Task to carry out -
Could the whole of the data below be written out verbatim?

Given data -
=======

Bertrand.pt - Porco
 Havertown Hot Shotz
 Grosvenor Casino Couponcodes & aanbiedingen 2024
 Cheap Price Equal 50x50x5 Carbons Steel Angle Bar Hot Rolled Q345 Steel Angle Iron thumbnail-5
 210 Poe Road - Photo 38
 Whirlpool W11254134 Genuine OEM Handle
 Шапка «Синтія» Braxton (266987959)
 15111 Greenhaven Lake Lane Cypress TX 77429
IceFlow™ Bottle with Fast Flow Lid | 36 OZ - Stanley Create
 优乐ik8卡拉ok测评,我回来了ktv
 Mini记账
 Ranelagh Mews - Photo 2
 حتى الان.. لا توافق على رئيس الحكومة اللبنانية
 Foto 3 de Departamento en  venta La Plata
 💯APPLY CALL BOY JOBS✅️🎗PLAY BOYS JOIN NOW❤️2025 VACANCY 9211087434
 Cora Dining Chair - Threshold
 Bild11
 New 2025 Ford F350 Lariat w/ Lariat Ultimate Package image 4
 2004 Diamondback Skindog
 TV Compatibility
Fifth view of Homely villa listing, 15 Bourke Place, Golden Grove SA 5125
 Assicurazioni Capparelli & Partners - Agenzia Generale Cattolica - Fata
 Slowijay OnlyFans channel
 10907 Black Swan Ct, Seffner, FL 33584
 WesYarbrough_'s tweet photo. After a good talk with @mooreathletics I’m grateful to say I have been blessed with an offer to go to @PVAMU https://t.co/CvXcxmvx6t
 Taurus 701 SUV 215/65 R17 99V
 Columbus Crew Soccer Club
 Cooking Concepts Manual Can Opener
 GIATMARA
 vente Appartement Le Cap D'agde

=======

Response to this task -
Bertrand.pt - Porco
 Havertown Hot Shotz
 Grosvenor Casino Couponcodes & aanbiedingen 2024
 Cheap Price Equal 50x50x5 Carbons Steel Angle Bar Hot Rolled Q345 Steel Angle Iron thumbnail-5
 210 Poe Road - Photo 38
 Whirlpool W11254134 Genuine OEM Handle
 Шапка «Синтія» Braxton (266987959)
 15111 Greenhaven Lake Lane Cypress TX 77429
IceFlow™ Bottle with Fast Flow Lid | 36 OZ - Stanley Create
 优乐ik8卡拉ok测评,我回来了ktv
 Mini记账
 Ranelagh Mews - Photo 2
 حتى الان.. لا توافق على رئيس الحكومة اللبنانية
 Foto 3 de Departamento en  venta La Plata
 💯APPLY CALL BOY JOBS✅️🎗PLAY BOYS JOIN NOW❤️2025 VACANCY 9211087434
 Cora Dining Chair - Threshold
 Bild11
 New 2025 Ford F350 Lariat w/ Lariat Ultimate Package image 4
 2004 Diamondback Skindog
 TV Compatibility
Fifth view of Homely villa listing, 15 Bourke Place, Golden Grove SA 5125
 Assicurazioni Capparelli & Partners - Agenzia Generale Cattolica - Fata
 Slowijay OnlyFans channel
 10907 Black Swan Ct, Seffner, FL 33584
 WesYarbrough_'s tweet photo. After a good talk with @mooreathletics I’m grateful to say I have been blessed with an offer to go to @PVAMU https://t.co/CvXcxmvx6t
 Taurus 701 SUV 215/65 R17 99V
 Columbus Crew Soccer Club
 Cooking Concepts Manual Can Opener
 GIATMARA
 vente Appartement Le Cap D'agde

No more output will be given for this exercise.